Walking Alongside Grief…. Reaching Out to a Grieving Heart

On November 21st, the Canadian Hospice Palliative Care Association acknowledges National Grief and Bereavement Day 2023.  It is a day to take action, be present and support those around you who are on a grief journey.

Grief is the natural and normal response human beings have to loss, especially when someone significant dies (also referred to as bereavement).  Grief is complex and can have significant impacts on all aspects of self, including physical, emotional, behavioral, intellectual and spiritual reactions.  Grief does not follow a predicable timeline and every person grieves in their own unique way.   

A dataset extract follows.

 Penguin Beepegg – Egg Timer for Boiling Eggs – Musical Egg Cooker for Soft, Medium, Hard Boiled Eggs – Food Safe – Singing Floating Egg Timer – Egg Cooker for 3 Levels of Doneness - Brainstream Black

Despite the fact that grief is a universal human experience, we often don’t know how to respond when someone we love is grieving.  It is difficult to bear witness to the intense feelings, thoughts and behaviors that accompany grief.  In society, talking about death or grief is taboo and this can leave us feeling uncomfortable, never knowing quite what to say or uncertain about how we can be helpful.

But here’s the truth – we all have the power to make sure that people do not face their grief journey alone.  For many reasons, grief can be a deeply isolating and lonely experience.  Reaching out with simple gestures of kindness can make a profound impact and let the grieving person know they are not alone in navigating grief and loss. 

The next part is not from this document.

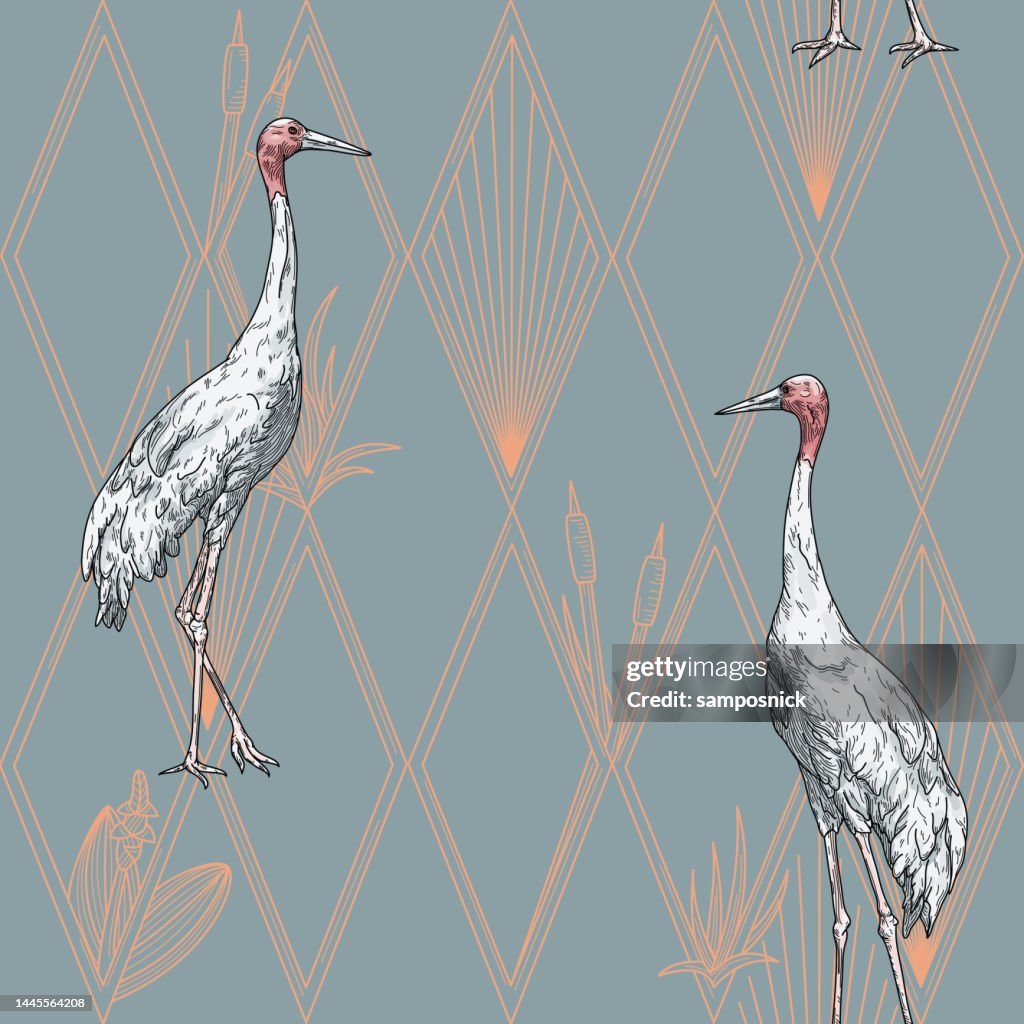 Modern Art Deco Hollywood Regency Sarus Crane and Diamond Seamless Pattern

A good place to start is understanding that grief is an important healing process, one that cannot be rushed or fixed.  As a support person, it is not your job to fix the grief, but rather to walk alongside it and offer acknowledgement, compassion and support.  Even when it feels like there is nothing you can say to make things better; your actions can speak volumes and provide solace to a grieving heart.

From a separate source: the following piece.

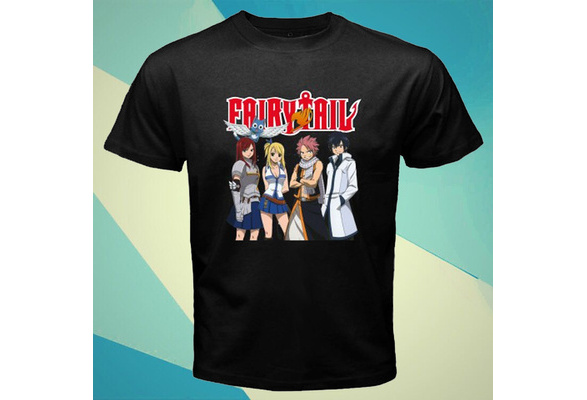 New Fairy Tail Natsu Gray Erza Guild Anime Manga Men/'s Black T-Shirt Size S-3XL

Some small, but impactful ideas, to support a grieving person:

  1. Just reach out.
  2. Show up and listen, listen, listen.
  3. Bring food that is ready to eat, or easy to prepare. 
  4. Offer concrete help (mow the lawn, do laundry, grocery shop, take out garbage)
  5. Ask about the person who died or share a favorite memory/photo
  6. Avoid platitudes or clichés
  7. Send a card or care package (grief journal, art supplies or book)
  8. Go for a walk together
  9. Offer to help sort though or pack up the loved one’s belongings
  10.  Invite them to social events (and be accepting if they decline) 
  11.  Arrange to babysit or take children to activities
  12.  Offer to attend a grief support group with them
  13.  Acknowledge important dates, such as the holidays or death anniversaries
  14.  Keep checking in regularly
  15.  Expand your own knowledge about grief ( or )

While grief is a lonely journey, it is one that we needn’t walk alone.  Every member of a compassionate community can reach out with small acts of kindness and connection.  There are also community resources to help grievers connect with others who are experiencing a similar circumstance.  The Palliative Care Program offers a listing of grief supports available in Prairie Mountain Health.  To access the available supports please visit our website.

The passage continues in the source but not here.